One day a three legged dog walked into a bar. He said, "I'm looking for the guy that shot my paw."
What was 50 Cent's daughter named? Penny!
A couple was about to celebrate 50 years together. Their three kids, all very successful and wealthy, agreed to a Sunday dinner in honour of their parents. As usual, they were all late and had varied excuses. "Happy anniversary, Mom and Dad," gushed son number one. "Sorry, I'm running late... I just didn't have the time to get you a present." "No worry," said Dad. "The important thing is that we're all together." Son number two arrived and announced, "Just flew in from L.A. and didn't have time to get you anything... I'm sorry." "It's nothing," said the father, "just glad you could be here today." The daughter arrived. "Happy anniversary! I'm sorry, but I've been out of town and didn't bring a present." Again the father said, "I really don't care, at least the five of us are together today." Later, during dinner, the father put down his fork, looked up and said, "Listen, you three, there's something your mother and I need to tell you.

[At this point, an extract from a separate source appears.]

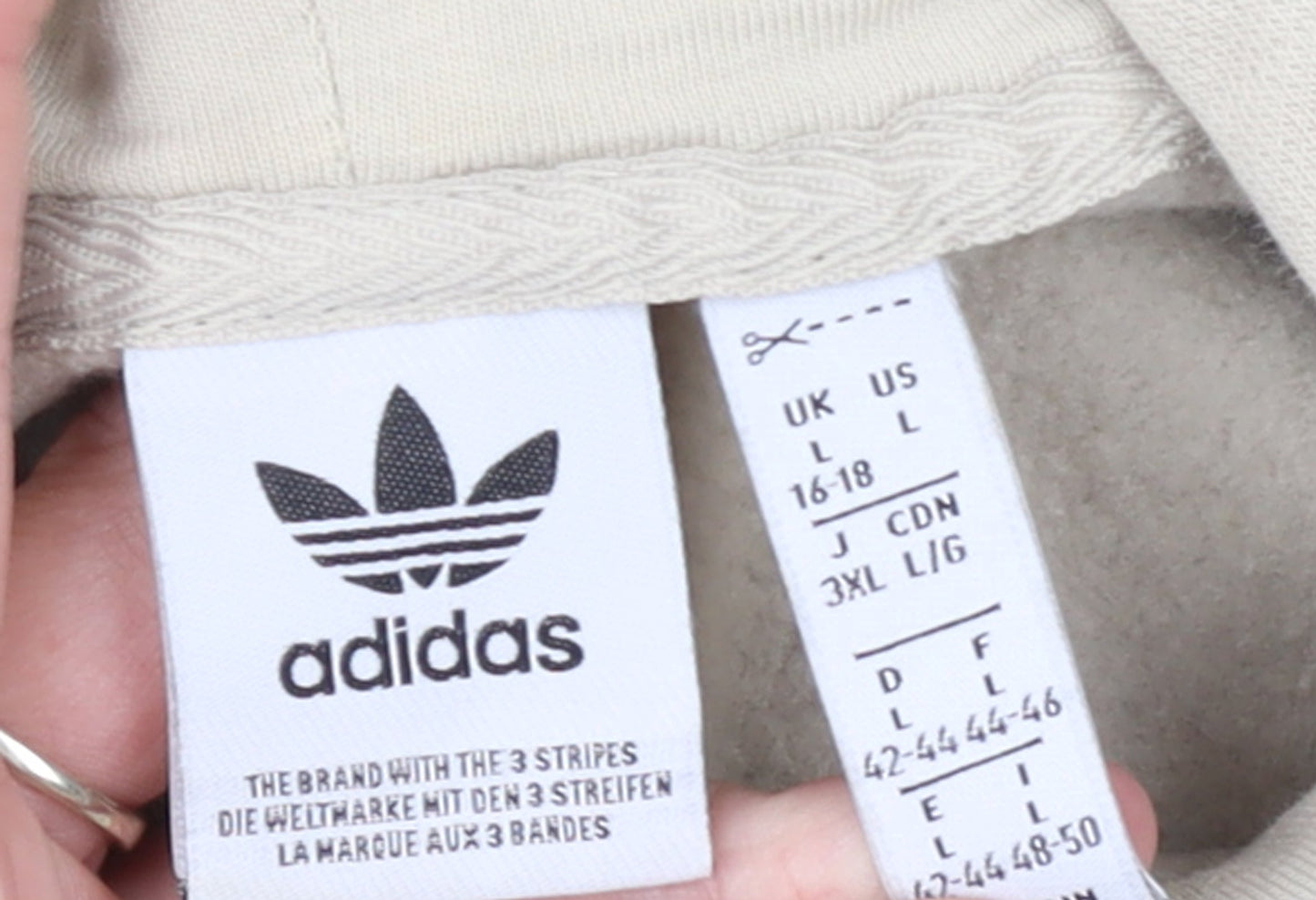 Adidas Women Beige Hooded Pullover Sweatshirt L 16-18 Logo Design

We came to this country penniless and desperate. Despite this, we were able to raise you and send you to college. But we never got around to getting married." The three kids gasped and said, in unison, "You mean we're BASTARDS?" "Yep," said the dad. "And cheap ones, too!"
Nine cats were on a boat. One jumped off. How many were left? None. They were all copy-cats!
Next time you start to groan at friend's pun, ask yourself: Am I just being jealous?: "A pun is the lowest form of humor -- when you don't think of it first." --Oscar Levant "Hanging is too good for a man who makes puns; he should be drawn and quoted." --Fred Allen "A person reveals his character by nothing so clearly as the joke he resents." --G. C. Lichtenberg
Why did the tent agree to stand up all night? He was roped into it!
A couple of teenagers craving something sweet drove to the nearest Baskin-Robbins. They bought ice cream cones and returned to their car to be comfortable. As they settled back to enjoy themselves, two ravens landed on the front hood and began to caw and flutter, and to peck at the windshield. The young man finally figured out what they wanted. He finished his ice cream, opened the window, and put his empty cone on the hood. The birds immediately settled down to eat. "You're wonderful," said his girlfriend. "How did you ever think of that?" "Nothing to it," he replied. "It was just a case of stilling two birds with one cone."
The other day I went to a zoo, but the only animal there was a dog. It was a shihtzu.
Once upon a time, there was a fairy called Nuff. Fair enough.